SUMMARY OF THE INVENTIONA sound determination device according to the present invention includes: a time axis adjustment unit configured to receive mixed sounds each of which includes a to-be-extracted sound and a noise through a corresponding one of a plurality of microphones, and adjust time axes of the mixed sounds such that a difference in arrival time points at which the mixed sounds from predetermined directions arrive at the plurality of respective microphones is zero; a frequency analysis unit configured to determine frequency signals of the mixed sounds, each of the frequency signals being at a corresponding one of predetermined time points in a predetermined time width on the time axes adjusted by the time axis adjustment unit; and a to-be-extracted sound determination unit configured to determine, for each of all the sounds to be extracted, frequency signals satisfying conditions of (i) being equal to or greater than a first threshold value in number and (ii) having a phase distance between the frequency signals that is equal to or smaller than a second threshold value, the condition-satisfying frequency signals being included in the frequency signals of the mixed sounds at the time points in the predetermined time width, and being determined by the frequency analysis unit, wherein the phase distance is a distance between phases of the condition-satisfying frequency signals when a phase of a frequency signal at a current time point t among the time points is ψ(t) (radian) and the phase ψ′(t) is expressed by an expression ψ′(t)=mod 2π(ψ(t)−2πft)=ψ(t), f denoting a reference frequency.
This configuration is intended to use a distance (an indicator for measuring a time shape of a phase ψ′(t) in a predetermined time width) according to the expression ψ′(t)=mod 2π(ψ(t)−2πft) (here, f denotes a reference frequency) when the phase of a frequency signal at a current time point t is ψ(t) (radian). This separates toned sounds such as an engine sound, a siren sound, and a voice in distinction from toneless sounds such as a wind noise, a rain sound, and a background sound, on a per time-frequency domain basis even when the to-be-extracted sounds and noises are present in the same direction. In addition, it is possible to determine frequency signals of a toned sound (or a toneless sound).
In mixed sounds each having a time axis adjusted with respect to the predetermined direction, the frequency signals of to-be-extracted sounds present in the predetermined direction have phase values similar between the frequency signals.
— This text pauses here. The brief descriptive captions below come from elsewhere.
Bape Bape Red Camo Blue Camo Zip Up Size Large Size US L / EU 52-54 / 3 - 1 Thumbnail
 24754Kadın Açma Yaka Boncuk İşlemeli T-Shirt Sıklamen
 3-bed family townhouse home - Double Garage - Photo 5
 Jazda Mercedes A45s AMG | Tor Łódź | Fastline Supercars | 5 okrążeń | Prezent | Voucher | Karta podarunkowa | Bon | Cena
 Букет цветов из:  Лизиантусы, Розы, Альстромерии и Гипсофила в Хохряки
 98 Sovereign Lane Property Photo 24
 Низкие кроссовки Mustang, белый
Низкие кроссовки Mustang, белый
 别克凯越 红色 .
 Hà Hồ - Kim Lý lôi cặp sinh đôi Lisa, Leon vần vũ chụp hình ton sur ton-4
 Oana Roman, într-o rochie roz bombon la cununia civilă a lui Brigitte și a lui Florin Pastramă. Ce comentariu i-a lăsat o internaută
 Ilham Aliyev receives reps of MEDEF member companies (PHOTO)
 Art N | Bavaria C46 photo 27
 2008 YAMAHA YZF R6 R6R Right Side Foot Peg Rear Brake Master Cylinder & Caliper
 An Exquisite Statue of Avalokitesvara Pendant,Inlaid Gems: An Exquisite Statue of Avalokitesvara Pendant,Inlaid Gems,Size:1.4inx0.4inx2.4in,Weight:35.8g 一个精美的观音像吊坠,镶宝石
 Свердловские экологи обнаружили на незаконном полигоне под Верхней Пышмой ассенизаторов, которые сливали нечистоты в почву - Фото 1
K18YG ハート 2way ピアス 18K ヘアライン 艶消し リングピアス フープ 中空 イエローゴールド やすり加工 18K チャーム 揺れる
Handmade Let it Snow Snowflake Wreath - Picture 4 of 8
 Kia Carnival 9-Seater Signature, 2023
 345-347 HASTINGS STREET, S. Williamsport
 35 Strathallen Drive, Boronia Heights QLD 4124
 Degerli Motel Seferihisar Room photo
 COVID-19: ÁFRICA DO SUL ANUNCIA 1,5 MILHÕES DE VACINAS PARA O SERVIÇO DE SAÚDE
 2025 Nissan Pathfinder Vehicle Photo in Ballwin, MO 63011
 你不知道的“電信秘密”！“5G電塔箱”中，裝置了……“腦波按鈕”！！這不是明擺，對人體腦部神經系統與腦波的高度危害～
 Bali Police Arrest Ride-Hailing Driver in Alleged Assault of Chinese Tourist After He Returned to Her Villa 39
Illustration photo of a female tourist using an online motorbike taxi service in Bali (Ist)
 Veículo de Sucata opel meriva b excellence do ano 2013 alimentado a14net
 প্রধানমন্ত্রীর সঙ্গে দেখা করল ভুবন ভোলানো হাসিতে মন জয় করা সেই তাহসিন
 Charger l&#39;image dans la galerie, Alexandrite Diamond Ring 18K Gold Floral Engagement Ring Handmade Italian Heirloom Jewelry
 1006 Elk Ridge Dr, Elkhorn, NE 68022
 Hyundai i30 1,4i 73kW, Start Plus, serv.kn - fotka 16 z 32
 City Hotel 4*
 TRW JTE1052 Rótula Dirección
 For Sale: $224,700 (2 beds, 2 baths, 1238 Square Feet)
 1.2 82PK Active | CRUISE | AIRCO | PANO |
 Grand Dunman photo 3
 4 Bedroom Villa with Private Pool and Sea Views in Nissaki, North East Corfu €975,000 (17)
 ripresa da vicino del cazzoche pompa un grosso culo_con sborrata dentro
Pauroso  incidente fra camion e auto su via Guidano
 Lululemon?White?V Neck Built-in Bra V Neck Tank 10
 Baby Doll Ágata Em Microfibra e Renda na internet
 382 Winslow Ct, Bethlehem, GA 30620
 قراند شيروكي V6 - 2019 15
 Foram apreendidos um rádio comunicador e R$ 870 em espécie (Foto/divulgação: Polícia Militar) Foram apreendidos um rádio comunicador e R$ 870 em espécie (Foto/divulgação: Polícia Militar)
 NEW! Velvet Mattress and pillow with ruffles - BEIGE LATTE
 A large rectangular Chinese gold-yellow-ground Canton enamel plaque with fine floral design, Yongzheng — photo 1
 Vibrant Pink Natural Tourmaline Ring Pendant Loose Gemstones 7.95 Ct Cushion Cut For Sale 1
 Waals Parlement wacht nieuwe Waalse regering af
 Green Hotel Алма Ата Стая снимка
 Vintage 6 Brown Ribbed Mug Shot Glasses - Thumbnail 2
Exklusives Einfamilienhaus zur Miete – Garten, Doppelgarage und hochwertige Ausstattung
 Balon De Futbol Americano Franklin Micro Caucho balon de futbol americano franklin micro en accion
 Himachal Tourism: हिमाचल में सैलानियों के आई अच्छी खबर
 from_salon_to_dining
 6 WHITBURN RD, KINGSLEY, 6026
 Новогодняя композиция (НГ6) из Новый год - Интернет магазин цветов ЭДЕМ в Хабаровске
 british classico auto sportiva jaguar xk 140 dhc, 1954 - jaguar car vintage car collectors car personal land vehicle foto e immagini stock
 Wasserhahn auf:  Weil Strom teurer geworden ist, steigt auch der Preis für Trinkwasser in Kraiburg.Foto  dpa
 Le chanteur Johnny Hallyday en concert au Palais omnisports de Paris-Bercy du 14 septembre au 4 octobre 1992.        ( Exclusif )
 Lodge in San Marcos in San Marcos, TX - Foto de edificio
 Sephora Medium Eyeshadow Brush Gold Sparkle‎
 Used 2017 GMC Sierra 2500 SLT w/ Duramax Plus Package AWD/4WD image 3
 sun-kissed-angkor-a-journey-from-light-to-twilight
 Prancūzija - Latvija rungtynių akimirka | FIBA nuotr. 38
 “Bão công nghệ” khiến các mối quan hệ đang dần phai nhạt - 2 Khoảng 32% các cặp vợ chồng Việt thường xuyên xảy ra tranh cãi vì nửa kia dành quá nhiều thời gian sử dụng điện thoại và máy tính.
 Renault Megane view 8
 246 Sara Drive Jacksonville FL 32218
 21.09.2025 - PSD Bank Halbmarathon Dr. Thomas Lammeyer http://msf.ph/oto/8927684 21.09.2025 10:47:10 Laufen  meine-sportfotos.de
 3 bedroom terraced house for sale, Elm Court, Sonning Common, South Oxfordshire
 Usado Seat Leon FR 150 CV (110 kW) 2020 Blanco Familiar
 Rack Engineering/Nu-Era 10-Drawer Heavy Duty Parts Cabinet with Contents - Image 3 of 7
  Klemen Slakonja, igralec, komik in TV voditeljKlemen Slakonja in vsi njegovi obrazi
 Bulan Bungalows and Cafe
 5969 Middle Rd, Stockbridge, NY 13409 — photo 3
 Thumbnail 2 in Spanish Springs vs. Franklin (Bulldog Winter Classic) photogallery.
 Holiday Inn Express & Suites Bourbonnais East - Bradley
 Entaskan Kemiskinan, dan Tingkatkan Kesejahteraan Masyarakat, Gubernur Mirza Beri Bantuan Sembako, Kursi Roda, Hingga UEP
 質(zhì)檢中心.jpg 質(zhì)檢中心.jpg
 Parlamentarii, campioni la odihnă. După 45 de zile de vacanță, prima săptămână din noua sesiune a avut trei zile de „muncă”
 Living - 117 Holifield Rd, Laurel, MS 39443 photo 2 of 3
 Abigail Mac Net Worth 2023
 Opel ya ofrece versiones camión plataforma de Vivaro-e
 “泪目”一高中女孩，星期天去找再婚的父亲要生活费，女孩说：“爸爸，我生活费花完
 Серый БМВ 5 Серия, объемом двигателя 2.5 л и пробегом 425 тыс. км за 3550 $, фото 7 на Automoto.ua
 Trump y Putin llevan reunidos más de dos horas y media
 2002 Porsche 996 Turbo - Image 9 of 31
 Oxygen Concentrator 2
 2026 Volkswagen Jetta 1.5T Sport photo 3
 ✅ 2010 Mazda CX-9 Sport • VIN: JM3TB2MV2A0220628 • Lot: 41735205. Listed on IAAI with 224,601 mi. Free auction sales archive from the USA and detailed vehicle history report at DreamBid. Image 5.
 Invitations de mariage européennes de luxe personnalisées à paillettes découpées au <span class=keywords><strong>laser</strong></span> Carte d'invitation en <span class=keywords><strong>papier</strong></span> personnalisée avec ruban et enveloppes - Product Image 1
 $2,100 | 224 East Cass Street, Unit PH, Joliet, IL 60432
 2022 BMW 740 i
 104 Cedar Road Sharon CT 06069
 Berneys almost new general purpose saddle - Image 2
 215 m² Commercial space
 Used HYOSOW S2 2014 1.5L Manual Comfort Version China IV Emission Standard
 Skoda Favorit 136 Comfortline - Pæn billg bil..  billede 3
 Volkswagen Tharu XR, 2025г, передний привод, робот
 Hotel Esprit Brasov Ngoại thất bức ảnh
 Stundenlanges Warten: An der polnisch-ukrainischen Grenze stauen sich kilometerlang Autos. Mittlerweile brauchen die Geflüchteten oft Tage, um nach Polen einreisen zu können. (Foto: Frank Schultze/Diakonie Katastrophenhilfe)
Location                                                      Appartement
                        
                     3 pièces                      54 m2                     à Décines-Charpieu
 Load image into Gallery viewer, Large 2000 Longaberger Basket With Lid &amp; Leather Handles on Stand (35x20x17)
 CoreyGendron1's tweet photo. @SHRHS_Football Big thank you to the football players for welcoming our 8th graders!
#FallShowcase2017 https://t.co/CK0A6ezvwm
For this reason, matching also the phase distances between the mixed sounds makes it possible to determine frequency signals of the to-be-extracted sounds more accurately than in the case of using a single mixed sound.
In addition, in the mixed sounds each having a time axis adjusted with respect to the predetermined direction, the frequency signals of to-be-extracted sounds present in a direction other than the predetermined direction have phase values different between the frequency signals. For this reason, it is possible to remove the sounds present in the direction other than the predetermined direction.
It is preferable that the aforementioned sound determination device further includes a noise determination unit configured to determine, from among the frequency signals determined by the frequency analysis unit, frequency signals, having a phase difference from all other frequency signals in the mixed sound that is equal to or greater than a third threshold value, each of the frequency signals being at a corresponding one of the predetermined time points on the time axes adjusted by the time axis adjustment unit, wherein the to-be-extracted sound determination unit is preferably configured to determine, to be frequency signals of the to-be-extracted sound, frequency signals satisfying the conditions of (i) being equal to or greater than the first threshold value in number and (ii) having the phase distance between the frequency signals that is equal to or smaller than the second threshold value, from among frequency signals obtained by subtracting the frequency signals determined by the noise determination unit from the frequency signals of the mixed sounds, the frequency signals being at the time points included in the predetermined time width, and being determined by the frequency analysis unit.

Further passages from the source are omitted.